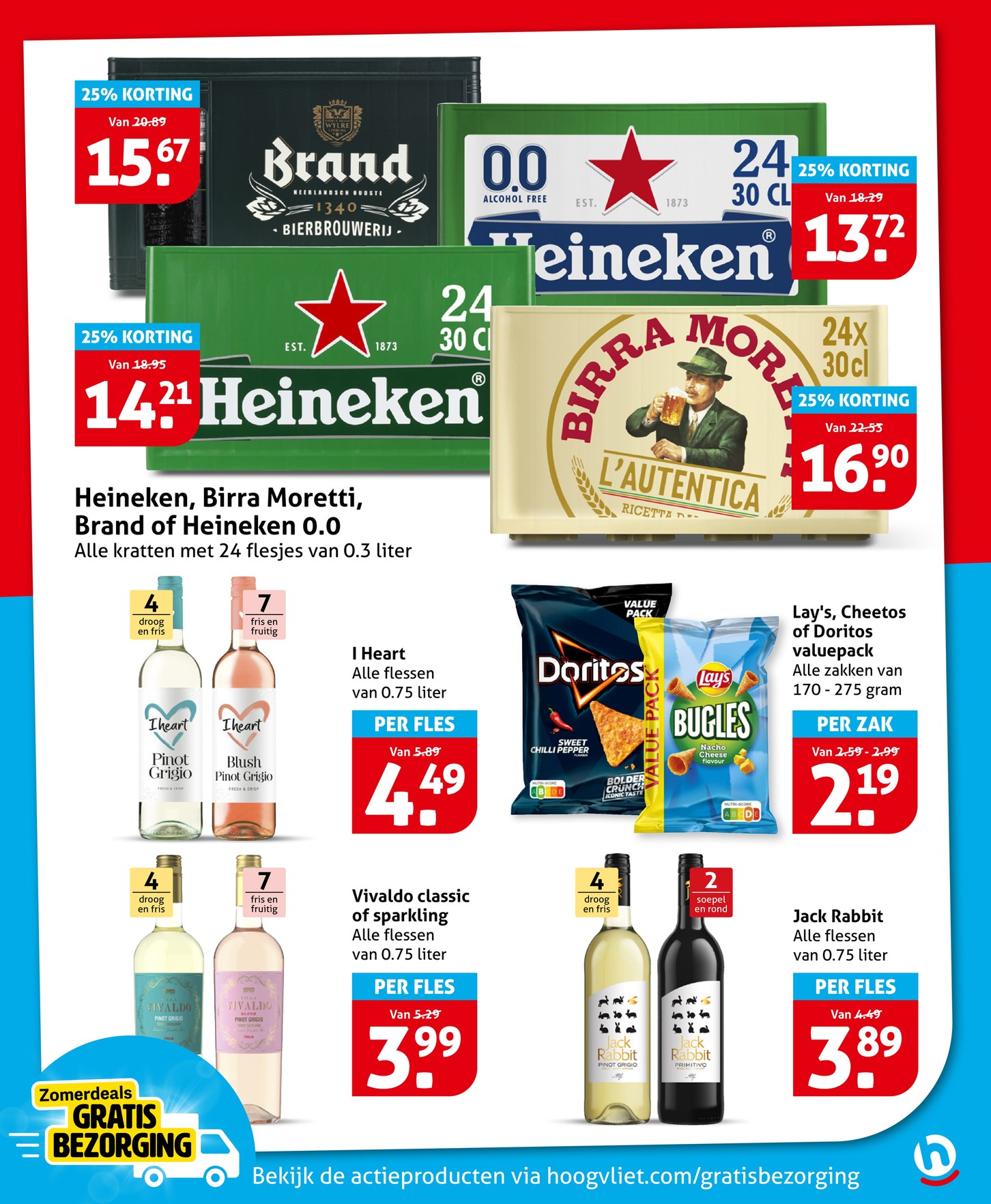 Vivaldo classic of sparkling, gemarkeerd op pagina 21 van de Hoogvliet folder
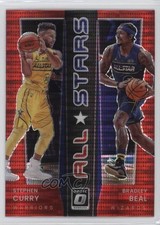 2021 Donruss Optic All-Stars Red Pulsar Prizm Bradley Beal Stephen Curry #2 0ud4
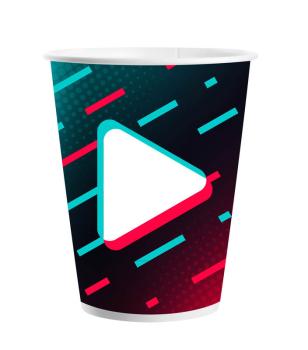 Music Party Cups Macadamia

What the exercise asks ▸ What you give back should be the full material above, retyped exactly, with every image removed.

Answer area ▸
 Vivaldo classic of sparkling, gemarkeerd op pagina 21 van de Hoogvliet folder
 2021 Donruss Optic All-Stars Red Pulsar Prizm Bradley Beal Stephen Curry #2 0ud4
 Music Party Cups Macadamia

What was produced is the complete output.